Can you point to ANY discussion in the secondary literature that concerns
itself with the ancient Northwest Semitic "writing system", in the
Unicode sense of that phrase, which, is, of course, what we are talking
about here? What we have, I suggest, is a lot of paleographical and
taxonomic literature, but no (?) encoding related literature.
>>If you did encode it, where, and on what bases, then would you draw
>>the lines for the separate encodings of the other ancient Northwest
>>Semitic languages and periods (because that's what these are, other
>>languages and periods, and not other scripts)?
>This is the specific work we have not done yet, but it's not rocket
You'll change your mind if and when you delve into it.
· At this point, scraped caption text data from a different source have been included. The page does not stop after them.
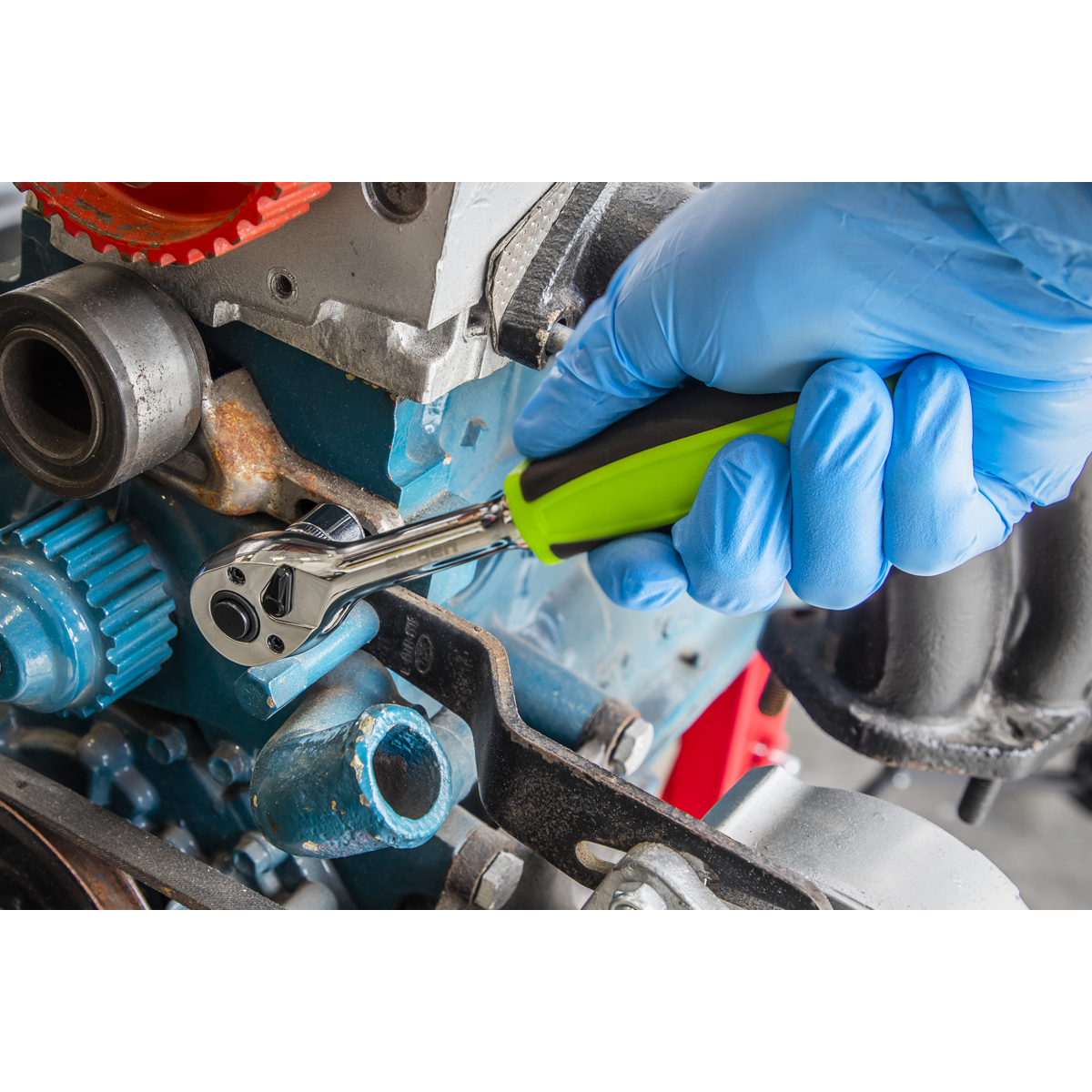 Heavy-Duty 25° Pry Bar with Hammer Cap 1220mm S01192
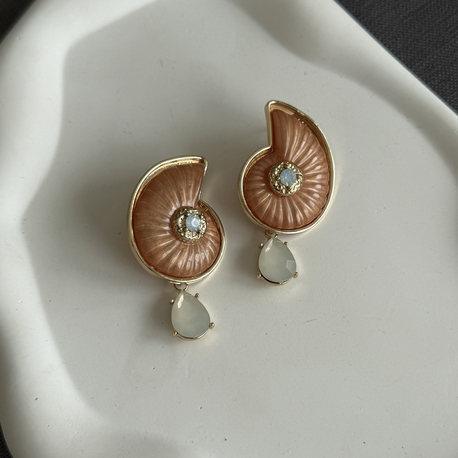 Bej salyangoz opal taşlı küpe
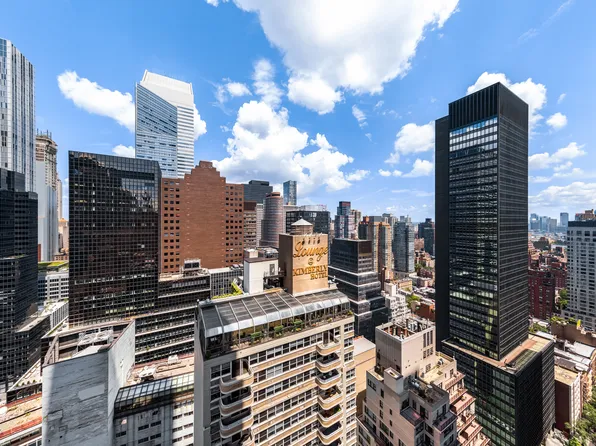 138 East 50th Street image 1 of 18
But the problem is, you've already made up your mind beforehand - "There
is zero chance that Phoenician will be considered to be a glyph variant
of Hebrew. Zero chance.".
>Students of writing are able to distinguish early Aramaic
>from Phoenician because of certain characteristics in the ductus for
Ductus is, of course, paleography, aka glyph variation.
>Also there was the introduction of the matres lectionis.
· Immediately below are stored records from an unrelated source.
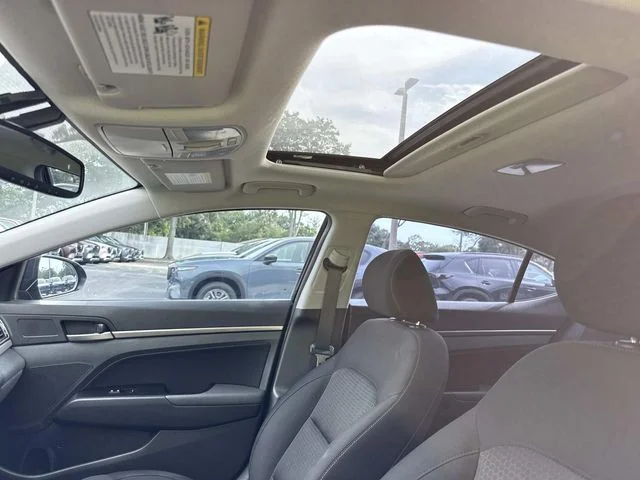 Used 2017 Black Hyundai Value Edition image 28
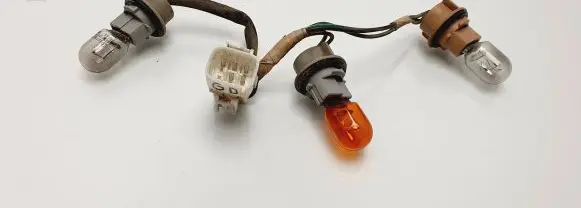 Subaru Forester SH Tail light bulb cover holder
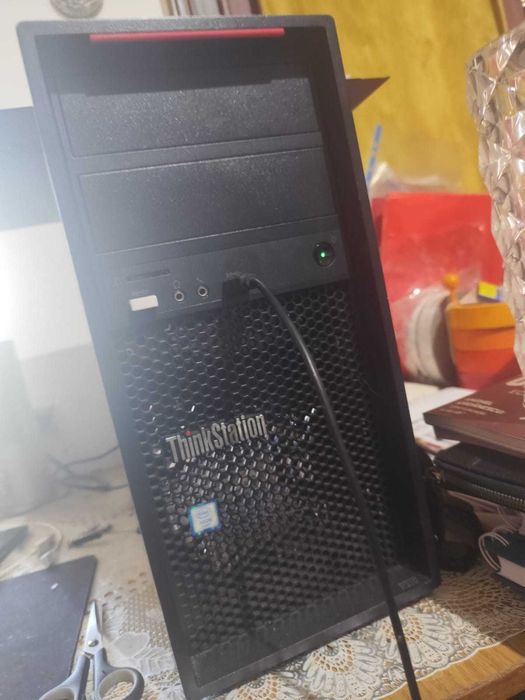 Lenovo P310 Thinkstation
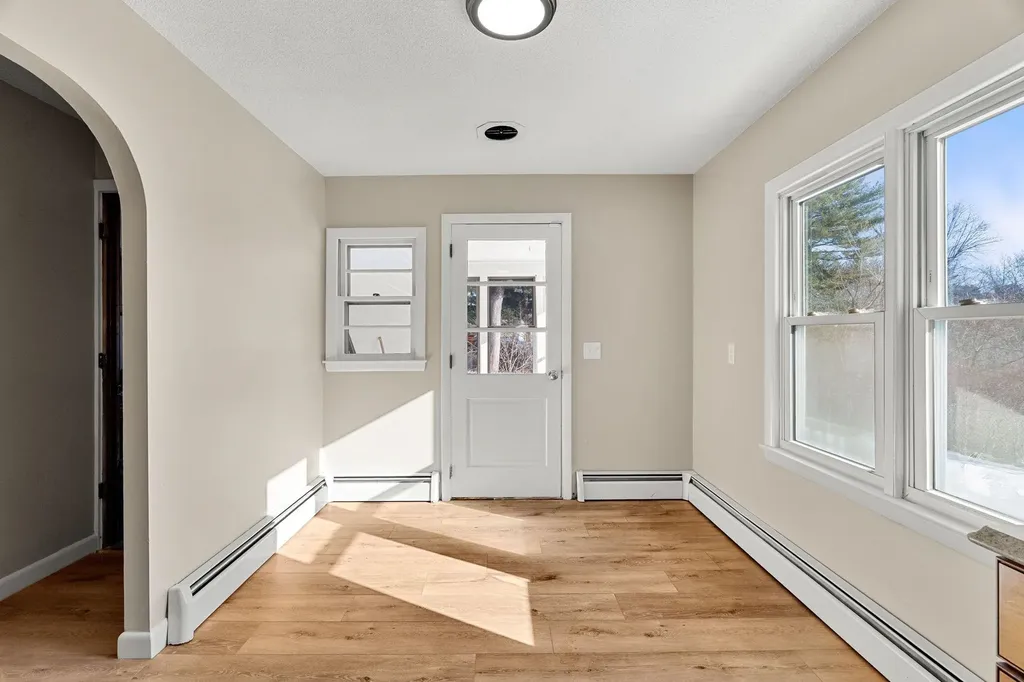 49 Lovell Street Nashua NH 03060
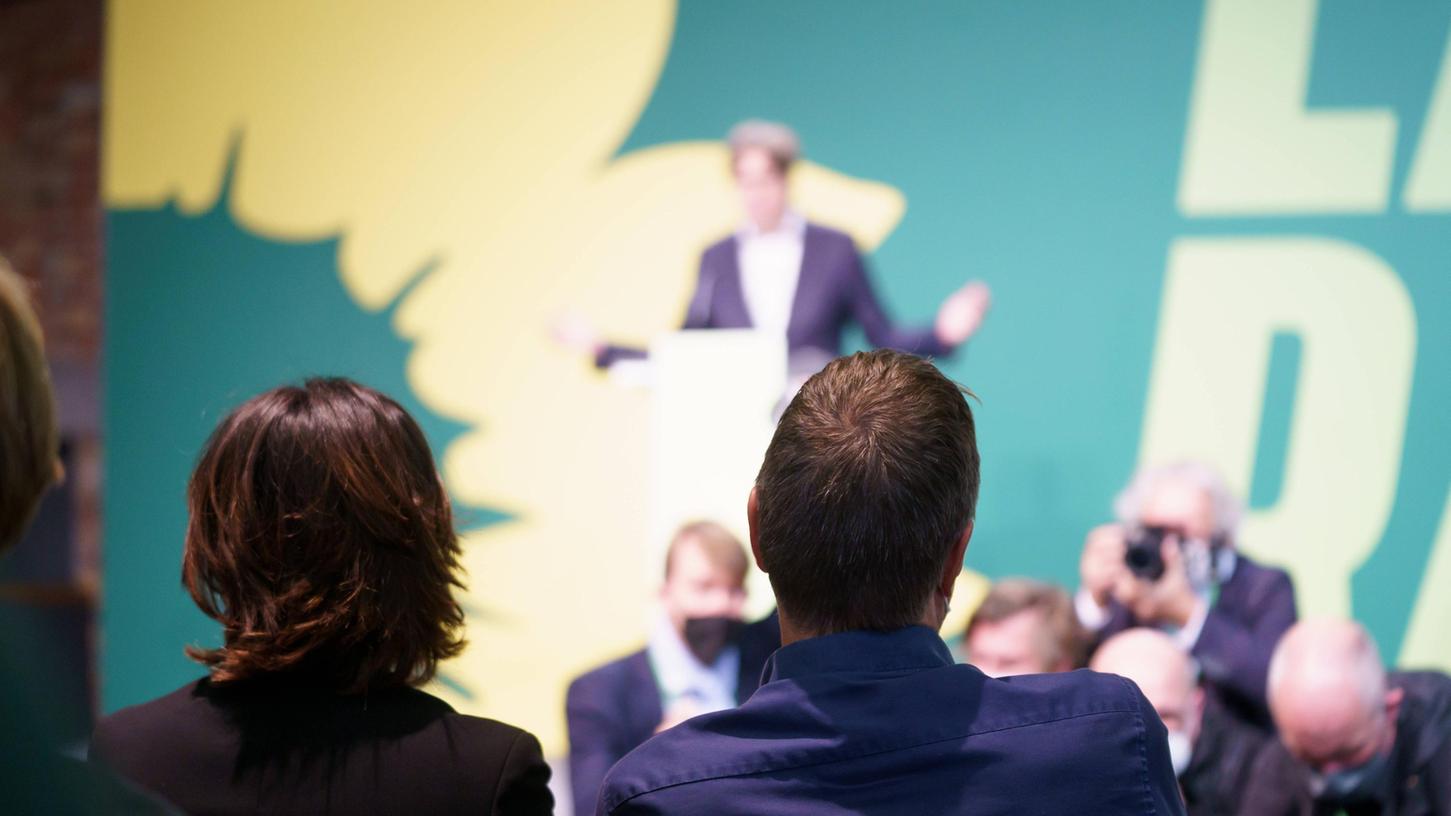 Die Grünen haben sich für Koalitionsverhandlungen mit SPD und FDP ausgesprochen.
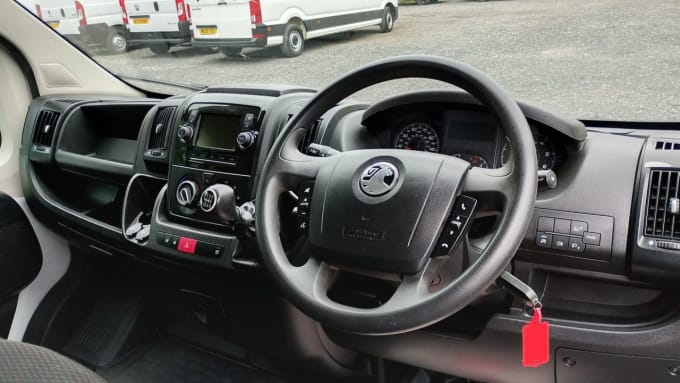 2022 Vauxhall Movano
These are not new characters; these are the same old characters used in
new, polyvalent ways. That does not a new script or encoding make.
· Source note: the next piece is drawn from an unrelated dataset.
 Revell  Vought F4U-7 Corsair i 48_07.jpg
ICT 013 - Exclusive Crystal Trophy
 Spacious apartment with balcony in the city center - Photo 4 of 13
>>What we have here is a continuum of glyphic variation within a
>>single script system.
>Here we have a range of related but distinct scripts.
What exactly are the script distinctives you have in mind here?
>Compare Khutsuri (comprising Asomtavruli and Nuskhuri) and Mkhedruli
If they're analogous in development and manifestation to the ancient
Northwest Semitic script, on what bases were they encoded separately?
Cultural bases? Political bases?
>> >The number of books about writing systems, from children's books to books
>> >for adults, which contain references to the Phoenician alphabet as the
>> >parent to both Etruscan and Hebrew, are legion.
>>Using the same reasoning, we should separately encode Latin, the
>>parent script for English, German, French, Spanish, Italian, ...
>You appear to have reasoned about this matter in a different way than
>I have, for what you suggest would not follow from what I have
You: Lots of sources talk about Phoenician script being the parent of
Me: Lots of sources talk about Latin script being the parent of English
You: Therefore we need separate encodings for Phoenician and Hebrew.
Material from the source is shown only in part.